Üç ayrı kısımdan müteşekkil Topkapı Sarayı’nın halkın da girebildiği birinci avlusunda devlet daireleri bulunur, ikinci avlusunda Divan-ı Hümâyun toplanır ve merasimler icra olunurdu. Üçüncü avlu padişahın asıl rezidansı olup Enderun mektebi ile Harem-i Hümâyun buradaydı. Dârüssaade (saadet evi) de denilen harem, padişahın ailesiyle beraber yaşadığı yerdi.
Padişahın annesi hayatta ise valide sultan unvanı ile Harem-i Hümâyun’un âmiri olup ayrı tahsisatı, dairesi ve hizmetkârlarıyla bir nevi first lady mevkiindeydi.

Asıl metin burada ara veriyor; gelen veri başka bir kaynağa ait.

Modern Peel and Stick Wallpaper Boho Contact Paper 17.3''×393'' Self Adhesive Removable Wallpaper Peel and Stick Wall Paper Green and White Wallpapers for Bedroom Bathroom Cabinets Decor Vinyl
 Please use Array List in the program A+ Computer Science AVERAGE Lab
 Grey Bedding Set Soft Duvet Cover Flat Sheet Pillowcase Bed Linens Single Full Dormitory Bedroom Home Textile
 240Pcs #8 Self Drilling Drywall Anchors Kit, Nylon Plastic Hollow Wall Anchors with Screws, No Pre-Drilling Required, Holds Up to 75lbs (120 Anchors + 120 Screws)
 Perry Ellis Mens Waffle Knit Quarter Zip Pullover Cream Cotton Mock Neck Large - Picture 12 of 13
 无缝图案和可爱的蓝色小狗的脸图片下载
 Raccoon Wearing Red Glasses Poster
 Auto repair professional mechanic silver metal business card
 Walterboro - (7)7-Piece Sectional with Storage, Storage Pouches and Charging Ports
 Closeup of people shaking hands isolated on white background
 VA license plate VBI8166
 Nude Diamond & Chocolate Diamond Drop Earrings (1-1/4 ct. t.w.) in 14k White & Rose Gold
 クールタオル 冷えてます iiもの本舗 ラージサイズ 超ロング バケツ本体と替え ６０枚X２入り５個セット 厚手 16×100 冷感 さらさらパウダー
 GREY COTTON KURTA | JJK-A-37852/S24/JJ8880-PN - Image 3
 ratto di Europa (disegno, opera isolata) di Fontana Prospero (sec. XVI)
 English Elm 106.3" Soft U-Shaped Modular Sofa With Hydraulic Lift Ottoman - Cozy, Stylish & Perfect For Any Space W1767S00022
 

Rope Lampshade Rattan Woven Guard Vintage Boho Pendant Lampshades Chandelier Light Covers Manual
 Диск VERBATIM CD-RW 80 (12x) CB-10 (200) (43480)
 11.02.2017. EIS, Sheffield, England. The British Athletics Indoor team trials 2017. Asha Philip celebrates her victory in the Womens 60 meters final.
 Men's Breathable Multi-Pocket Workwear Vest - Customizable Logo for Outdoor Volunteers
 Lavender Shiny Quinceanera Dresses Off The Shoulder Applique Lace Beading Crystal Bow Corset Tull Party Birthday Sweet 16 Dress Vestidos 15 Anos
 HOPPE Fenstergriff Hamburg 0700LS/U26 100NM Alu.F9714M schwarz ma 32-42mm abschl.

Halbuki bütün dünyada bu mevki devlet reisinin zevcesine aittir. Bu usul Türk-İslam kültüründe anneye verilen değeri göstermesi bakımından dikkat çekicidir.
Valide sultanlar umumiyetle padişahın en yakın müşavirlerindendir. Tedbirli hareket ve görüşleriyle buhranlı devirlerin atlatılmasında ehemmiyetli rol oynamışlardır. Mesela küçük yaşta padişah olan Sultan IV. Mehmed’in annesi ve naibesi Hatice Turhan Valide Sultan, Köprülü Mehmed Paşa gibi liyakatli bir vezirin sadrazamlığa tayinini temin ederek memleketi mutlak bir felaketten döndürmüştür. Padişah ailesinin bütün fertleri gibi valide sultanlar da ülkenin en ücra köşelerini, yaptırdıkları sayısız hayır eserleri (cami, mescit, imaret, hastane, çeşme, sebil, medrese, sıbyan mektebi, kervansaray) ile donatmışlardır.